2024-06-11 07:00:05 | 国際・政治
■防衛情報-ウクライナ戦争
 クリミア半島は最早狩場という印象ですが対艦ミサイルの地上攻撃誘導方式については興味あるところですね。

 ウクライナ海軍はネプチューン対艦ミサイルによるクリミア半島攻撃に成功した、ISWアメリカ戦争研究所5月31日付戦況報告において概況が示されていました。ネプチューンはクリミア半島のロシア軍長距離レーダー施設と、クラスノダールクライの石油備蓄施設に命中、特に長距離レーダーへの攻撃はクリミア半島情勢を一変させる可能性がある。

 クリミア半島のレーダー施設はネボIED長距離レーダーを標的としていて、これはクリミア半島から380km圏内を探知していたもので、攻撃によりレーダー電波は停波状態になっているとのこと。早期警戒機撃墜を受けクリミア半島での防空管制に大きな空隙が発生している状況においてレーダーの運用不能という状況は航空優勢確保に影響を及ぼします。

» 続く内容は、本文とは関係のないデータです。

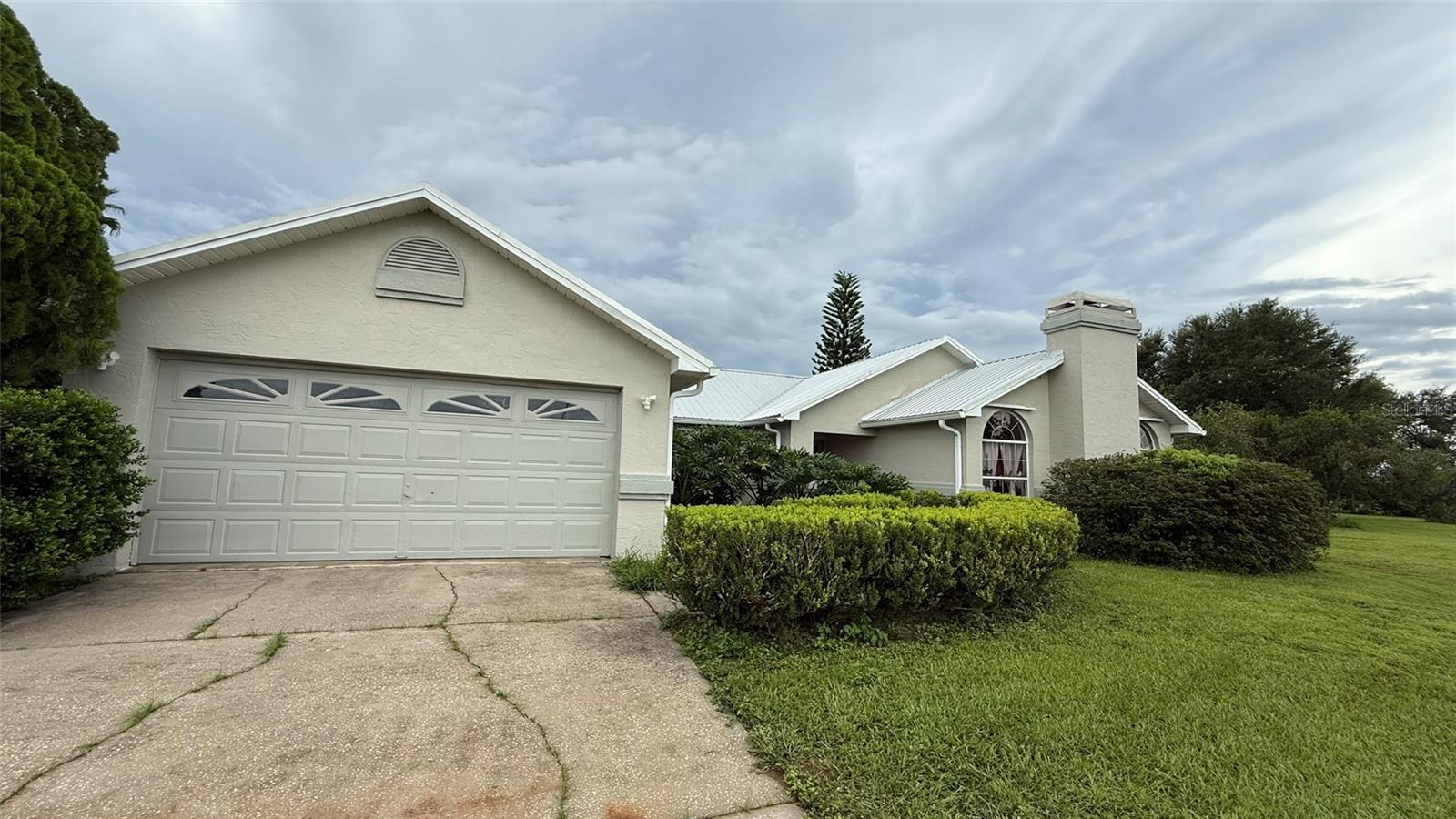 Location! This beautiful 3 bedroom, 2 bathroom home has a spectacular five acre corner lot overlooking the rolling hills between Dade City and Zephyrhills. Situated facing to the Northwest, imagine enjoying the unobstructed beautiful Florida sunsets from your expansive yard and your forever home. Entering the home through its double doors you are greeted by the large kitchen, and to your right the living room with it's stone fireplace. As well as ample interior living space, this home has an enormous 21 foot by 12 foot air conditioned Florida Room. This home also has an incredible 2,400 sq. ft. garage / workshop with an attached carport for your motorhome or boat. Come and enjoy the tranquility in this amazing property.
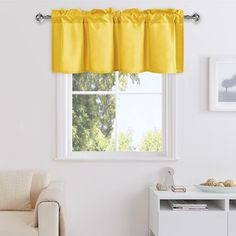 a living room with a white couch and yellow valance on the window sill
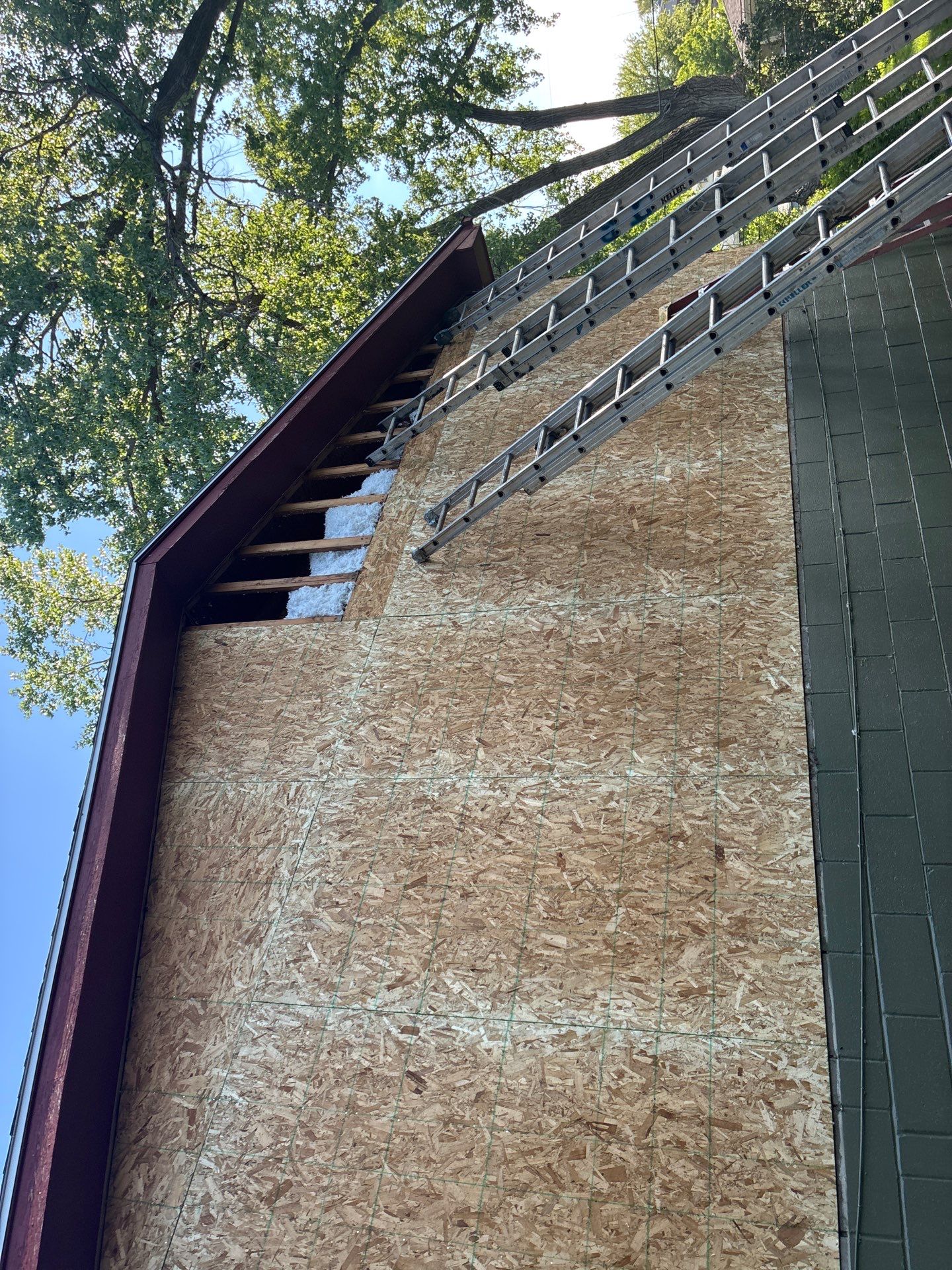 James Hardie Siding Replacement in Omaha with Mountain Sage Finish by Carps Complete Exteriors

 ロシア軍はこの状況下、ハリコフ近郊のヴォフチャンスクとアウディイフカ近郊で前進すると共に、ドネツク西方のクラスノホリフカではロシア軍が中心部に進出して市議会議事堂まで到達しているとのこと。ウクライナ軍はケルチ海峡などでロシア兵站輸送を担うフェリー攻撃に成功するなど、対艦ミサイルと無人機で戦闘を継続しています。
■防衛情報-ウクライナ戦争
 これ、自衛隊だと毎日一個普通科連隊が消えている状況なのですが専制主義国家では最早国民は形ばかりの選挙ですべて権利を手放し溶鉱炉行列車に乗るほかないのでしょうか。

 ロシア軍死傷者は50万名に達している、5月31日付イギリス国防省ウクライナ戦況報告で状況が示されました。ロシア軍死傷者増大の背景にはロシア軍が全ての戦線で消耗戦を行っている為で、5月の平均死傷者数は1200名に達しているという。この1200名という数字は2022年のロシアウクライナ戦争開戦以来最大規模となっているようです。

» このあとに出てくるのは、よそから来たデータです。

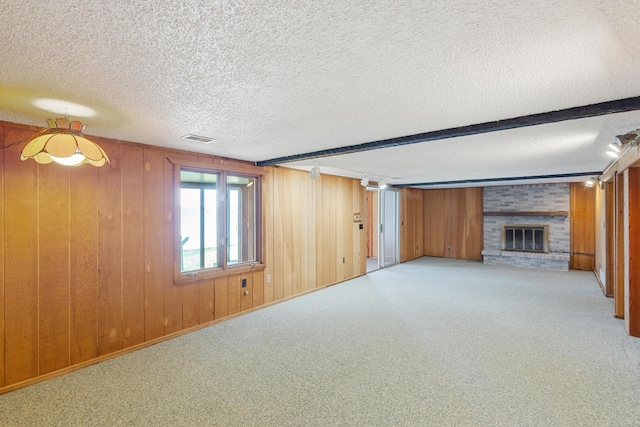 14427 Acorn Cove Trl, Battle Creek, MI 49017 - unfurnished living room featuring wooden walls, a textured ceiling, a fireplace, carpet flooring, and beamed ceiling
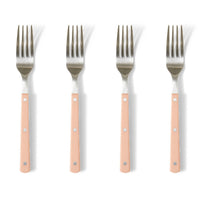 Four forks with pink handles on a white background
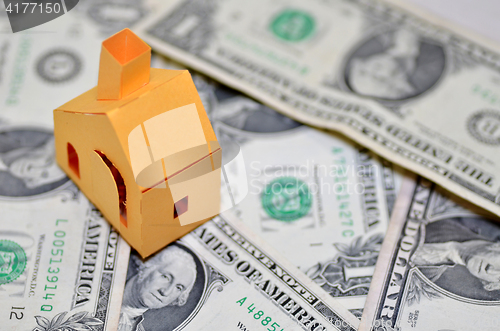 Image of Miniature paper made house stand on  money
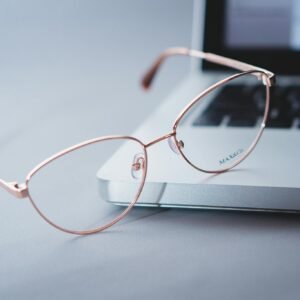 Close-up of stylish eyeglasses on a sleek laptop, symbolizing modern tech and productivity.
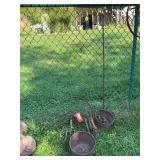 Metal yard art includes 2 mole traps, two kettles (one missing its bottom), 20” steel wheel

 死傷者増大のもう一つの背景には、ロシア軍の新兵教育水準の低下が有り、新兵は教官が不足している事と教育期間の短縮によりまともな戦闘教育を受けられないまま第一線に投入され、経験ある下士官などの指揮を受けられぬままウクライナ軍の減殺を目的とした連続しての小規模な波状攻撃に投入され、犠牲を重ねているもよう。

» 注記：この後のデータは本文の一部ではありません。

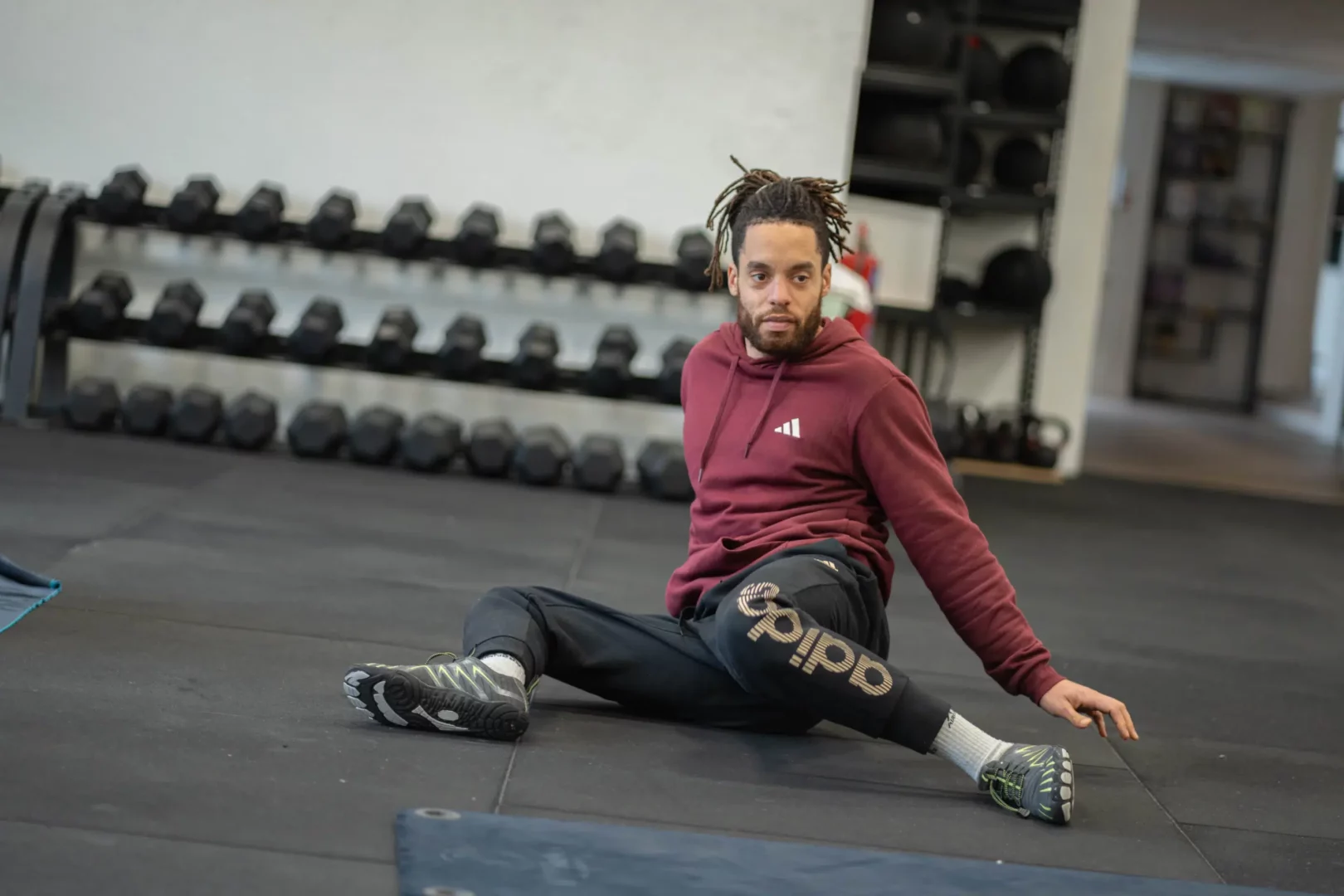 Étudiant en BPJEPS AF réalisant un étirement au sol sur le plateau musculation de l’IPMS.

 ロシア軍は教育不足により高い犠牲を支払っている一方、兵員不足は毎日1200名という死傷者により加速し続けている状況であり、一人でも多くの戦闘員を前線に投入する必要から更に教育時間や教官が不足する状況となり、ロシア軍にとり消耗戦以外の作戦行動可能となる高水準の能力を発揮出来る部隊を編成する事が出来ない状況となっています。